Adversarial training has potential to improve interpretability
Another technique to improve the robustness of DNNs is adversarial training. To implement this, we first train the model for 20 epochs on clean data. Then we apply mixed adversarial training for 80 epochs, where half of each batch is clean and the other half is adversarially perturbed. We create the adversarial examples at each epoch using projected gradient descent (Madry et al., 2017) for 20 iterations, initialized with learning rate of 0.01. The maximum allowed perturbation is ϵ = 0.2 for ℓ∞ norm. In contrast to an image classification problem where adversarial examples are generated by using the least likely label as the target for the direction of the gradient, we maximize the loss for the true label to create the adversarial attack, effectively generating perturbed data that is misclassified.
In general, we find adversarial training consistently improves DistNet’s interpretability, while LocalNet exhibits mixed results (Table 1). Surprisingly, the largest gain in interpretability was for DistNet trained without regularization for the small dataset, which yields an AU-ROC and AU-PR of 0.789± 0.066 and 0.646±0.129 with smoothgrad. We verified this anomaly across multiple independent trials with different initializations (data not shown), leading us to believe that we may have unintentionally chosen a favorable combination of hyperparameters. Nevertheless, LocalNet trained with regularization and noise still yields an overall higher interpretability with an AU-ROC and an AU-PR of 0.858 ± 0.058 and 0.735± 0.122, respectively.
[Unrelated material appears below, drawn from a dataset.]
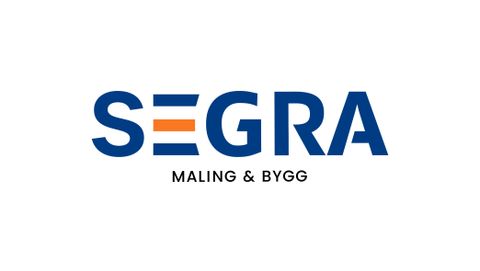 Segra Maling & Bygg as logo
It is challenging to find optimal hyperparameter settings for adversarial training and to determine an optimal stopping point during training. We did not fully explore alternative adversarial techniques or optimize the CNN design here. We hypothesize that further optimization could improve performance. The scope of this analysis was to explore whether adversarial training can improve interpretability.
Conclusion
Although attribution methods have been shown to provide access to representations learned by a DNN, we raise the important issue that their interpretability is not necessarily reliable across architectures even when the DNN yields high classification performance. We showed regularization, Gaussian noise injection, and adversarial training – all of which have been demonstrated to improve robustness of DNNs in computer vision – are promising avenues to improve interpretability for genomics. Further work is required to optimize each of these training procedures specifically for genomic sequence data. Moreover, it would also be interesting to explore how other, non-gradient-based interpretability methods, such as in silico mutagenesis, are affected by net-work depth and training procedure. Further work is required to understand how to design DNNs to balance the expressiveness to fit data and the ability to also interpret them.